THE TASK - Your task is to extract every entry that follows word for word while excluding the pictures.
===============
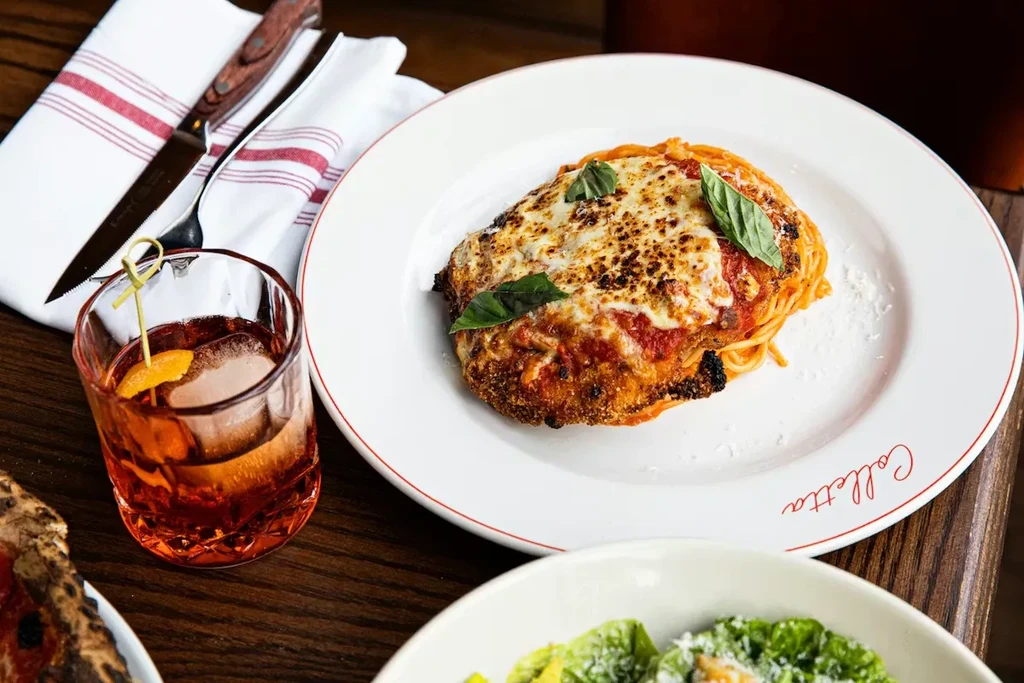 Colletta's parmesan with spaghetti, cocktail, salad, and pizza.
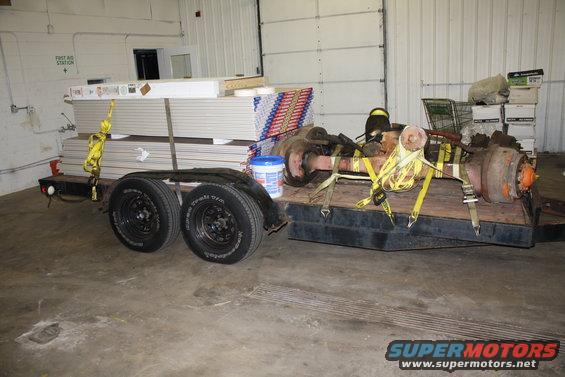 Trailer carrying two large axles and stacks of drywall sheets, secured with yellow straps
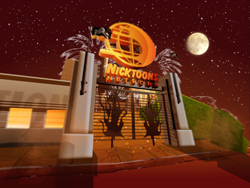 Entrance to Nicktoons Studios at night with a large orange logo and a full moon in a starry sky.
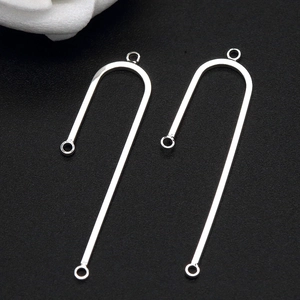 Close-up of silver U-shaped metal jewelry connectors with three rings for DIY crafting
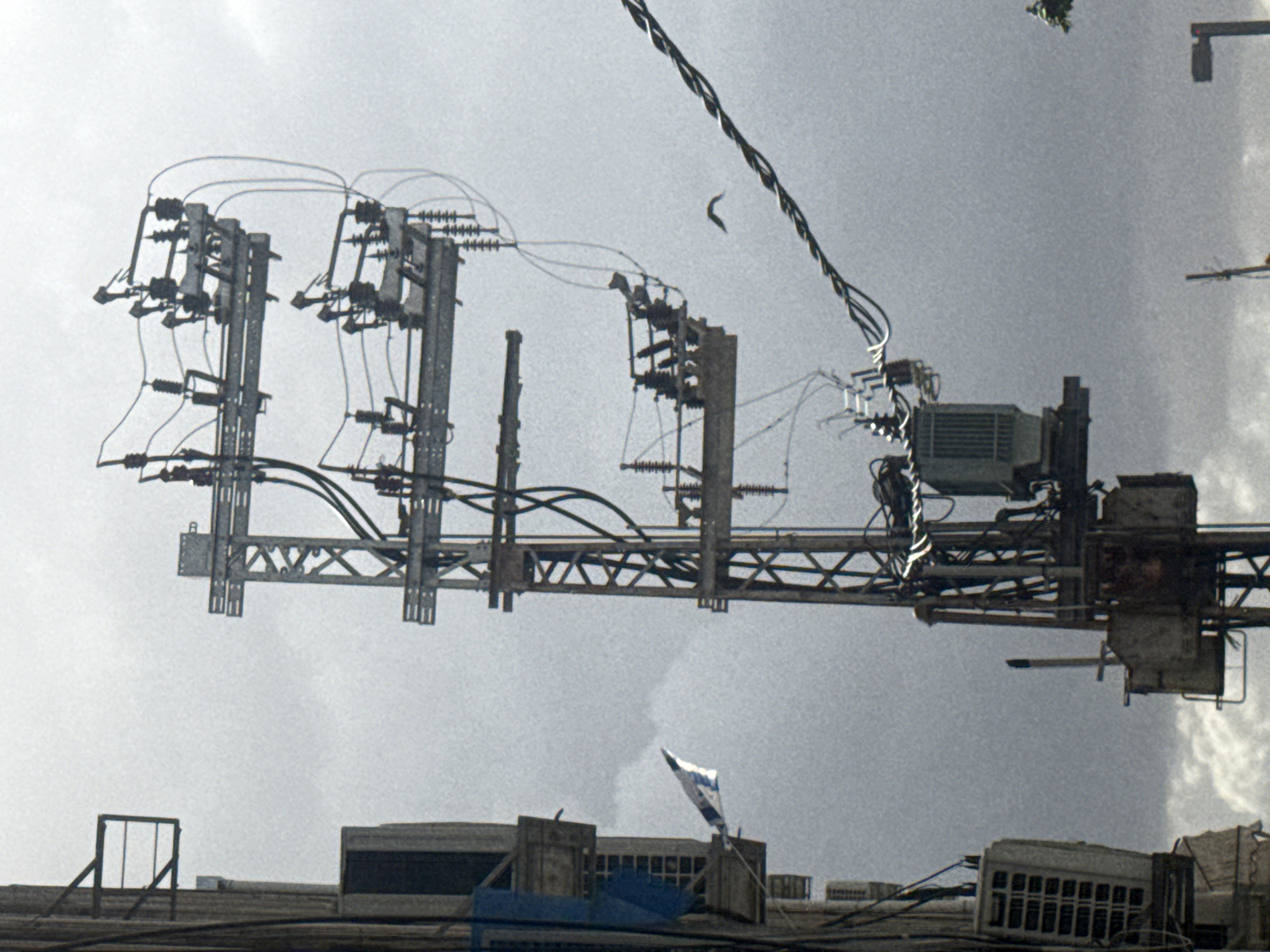 The image depicts a scene in Tel-Aviv, Israel, focusing on an infrastructure of electrical equipment suspended above a rooftop. Visible against a cloudy sky, the scene is dominated by metal structures carrying transformers, insulators, and power lines. The intricate network of wires and metal supports stretches across the upper part of the frame. Below the infrastructure, a building rooftop is visible, marked by various rooftop units and a waving Israeli flag. The overall scene appears utilitarian, highlighting the industrial aspect of the urban landscape.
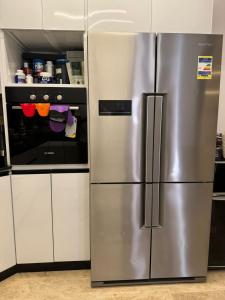 einen Kühlschrank aus Edelstahl in einer Küche mit weißen Schränken in der Unterkunft Madinaty Stunning Villa in Madinaty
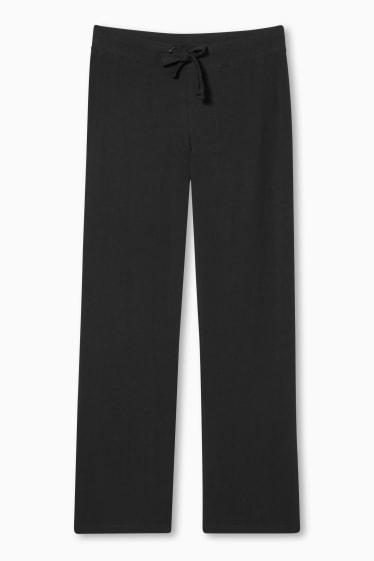 Dámské - Žerzejové kalhoty - straight fit - černá
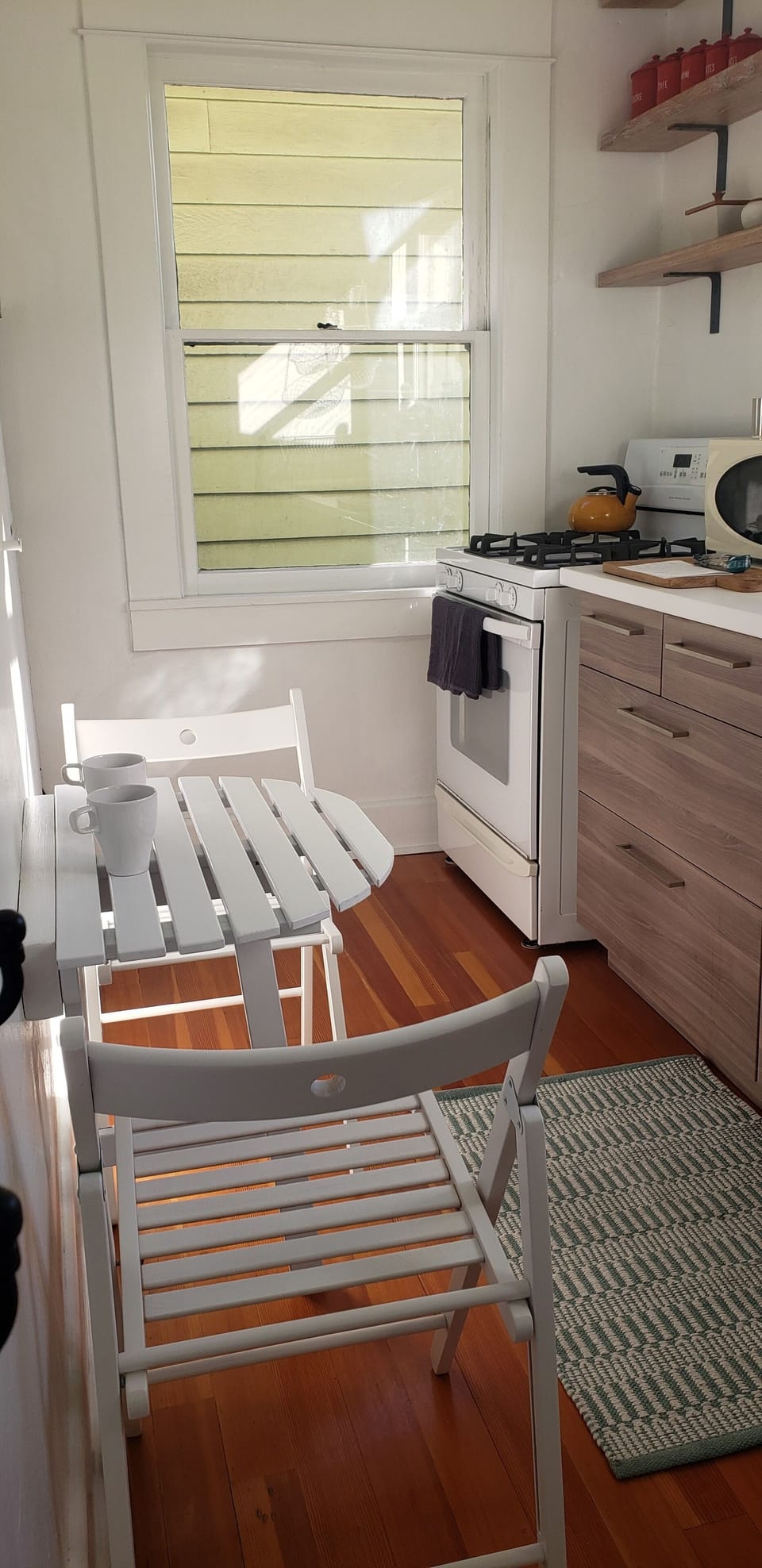 Well equipped kitchen with full-size stove, refrigerator, microwave, etc.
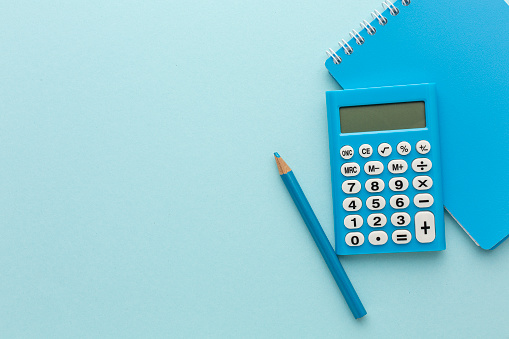 blue calculator on a colored background. High quality photo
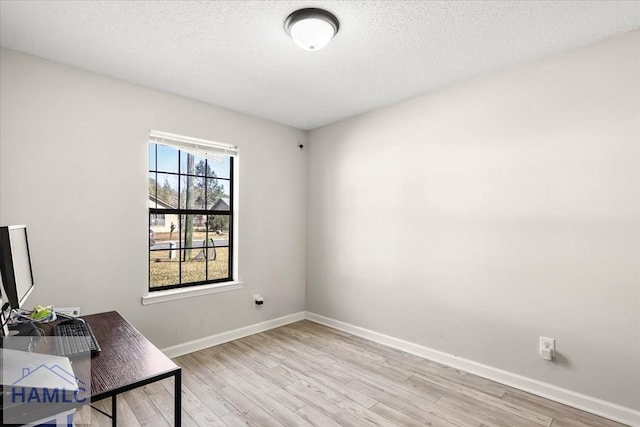 home office with light hardwood / wood-style floors and a textured ceiling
===============
RESULT FOR THIS EXERCISE -
 Colletta's parmesan with spaghetti, cocktail, salad, and pizza.
 Trailer carrying two large axles and stacks of drywall sheets, secured with yellow straps
 Entrance to Nicktoons Studios at night with a large orange logo and a full moon in a starry sky.
 Close-up of silver U-shaped metal jewelry connectors with three rings for DIY crafting
 The image depicts a scene in Tel-Aviv, Israel, focusing on an infrastructure of electrical equipment suspended above a rooftop. Visible against a cloudy sky, the scene is dominated by metal structures carrying transformers, insulators, and power lines. The intricate network of wires and metal supports stretches across the upper part of the frame. Below the infrastructure, a building rooftop is visible, marked by various rooftop units and a waving Israeli flag. The overall scene appears utilitarian, highlighting the industrial aspect of the urban landscape.
 einen Kühlschrank aus Edelstahl in einer Küche mit weißen Schränken in der Unterkunft Madinaty Stunning Villa in Madinaty
 Dámské - Žerzejové kalhoty - straight fit - černá
 Well equipped kitchen with full-size stove, refrigerator, microwave, etc.
 blue calculator on a colored background. High quality photo
 home office with light hardwood / wood-style floors and a textured ceiling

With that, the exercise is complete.